The finished story – which sees the brothers use long-forgotten magic to bring their father back for a day, only for the spell to go wrong and only bring his legs back to life – obviously takes a few liberties with the source material, however.
"Growing up without a dad, every little piece of information I learned — his favorite colour or his favorite food — was a piece of him that I could put him together with," Scanlon told C & G News.
"We thought, what if they literally had a living piece? And that’s where the idea of the pants came up."
The contrasting personalities of timid Ian and brash Barley were also a new invention for the film, with Scanlon noting that in real life both brothers are a bit more reserved with less of a clash.
"My brother actually isn’t like Barley in characterisation at all," he said. "My brother is also very shy and thoughtful, and he’s a computer programmer. He’s very responsible."
"I think Dan is definitely Ian," Rae added. "Barley is a little more of a caricature, just to kind of play those opposites. Dan’s brother is absolutely lovely, and really nice. But that didn't make for a very enervating story!
"We'd be in the story room and Dan would just be like ‘Yeah but my brother was so nice to me...’ we're like ‘That doesn't work, that's no fun. Nobody wants to watch that. Nobody wants to see two brothers famously getting along.’
“So we mucked around a little bit,” she said.
Still, amidst all the magic, quests and added dramatic weight, there was one part of Scanlon’s story that’s almost directly translated into the film. When he and his brother were teenagers, while they didn’t receive a magic staff from their father (as Ian and Barley do in the film) they did get given a recording of his voice for the first time, taken by a relative at a wedding.
Unfortunately, after hours of scouring the tape it was discovered that Scanlon’s father only said “Hello!” and “Goodbye!” very quickly – but even that was something they hadn’t had before.
“I learned a lot about what kind of person he was by the way he said 'Hello' nervously and excited, and then the way he said 'Goodbye' is a little shy and awkward," he said. "[I thought], 'Oh, he’s like me. He’s an introvert.'"
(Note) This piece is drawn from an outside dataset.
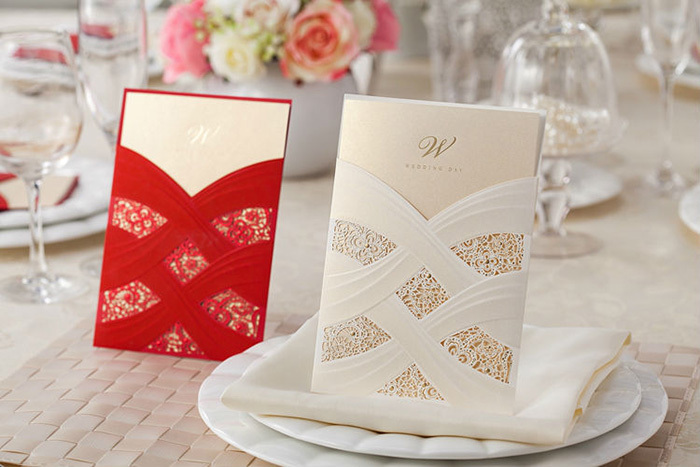 2015 Luxury Paper Wedding Invitation Cards with Laser Cut Pearl Pattern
In Onward, Ian similarly plays and replays a recording of his father’s voice when he misses his presence most deeply – though in this case the recording is longer and with more responses, meaning that he’s able to have a form of conversation with his long-dead parent in a particularly touching scene.
"Dan's story was a huge part of it, and it kind of laid the groundwork, and opened it up to expand on his story and make it a universal story about connection, about family," Rae said.
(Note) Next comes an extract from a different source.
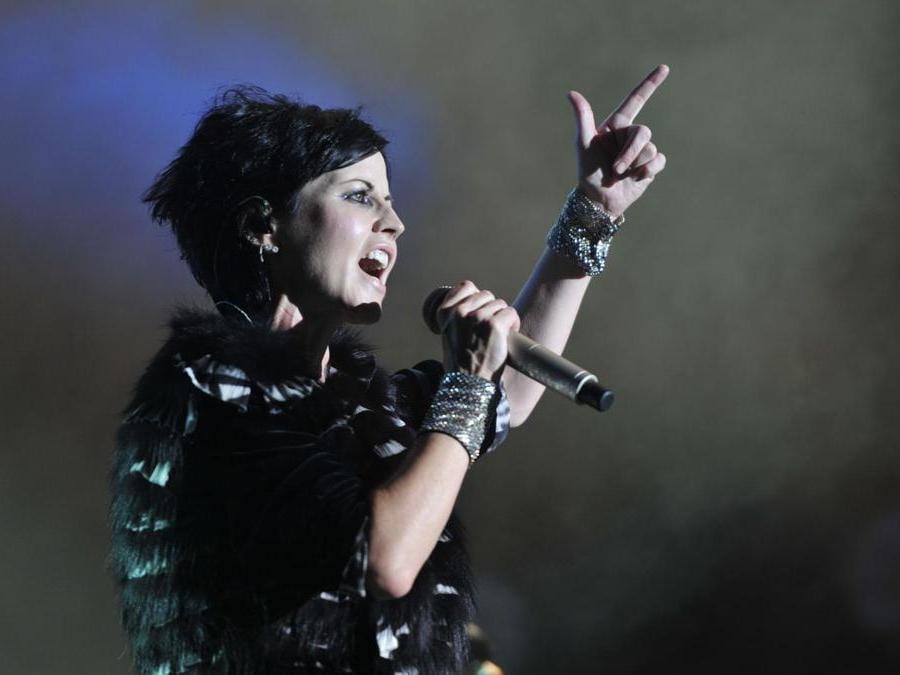 La cantante irlandese Dolores O'Riordan della band irlandese The Cranberries si esibisce sul palco durante la 23a edizione del Cognac Blues Passion festival a Cognac il 7 luglio 2016. (Afp)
"Dan was a little bit reticent to always be coming at it from his own point of view, and we kept having to encourage him to really keep tapping into the personal aspect of the story. Because he was just worried it was going to become too autobiographical or something.
"So I had a lot of really really great times with all of us sharing our personal stories, so it wasn't necessarily just Dan and we were making a film for the world.
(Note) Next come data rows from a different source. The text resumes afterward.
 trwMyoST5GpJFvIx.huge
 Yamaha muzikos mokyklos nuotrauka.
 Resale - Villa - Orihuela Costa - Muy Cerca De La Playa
"But I think his personal story... everybody on the team, it just resonated with everyone," she concluded.
"When you tell a personal story, chances are even if people haven’t had the exact experience you had, they have had something like it, and if it comes from that true place, it’s probably going to touch people in one way or another," Scanlon agreed.
"So, they would tell us all their great stories, and we’d incorporate them."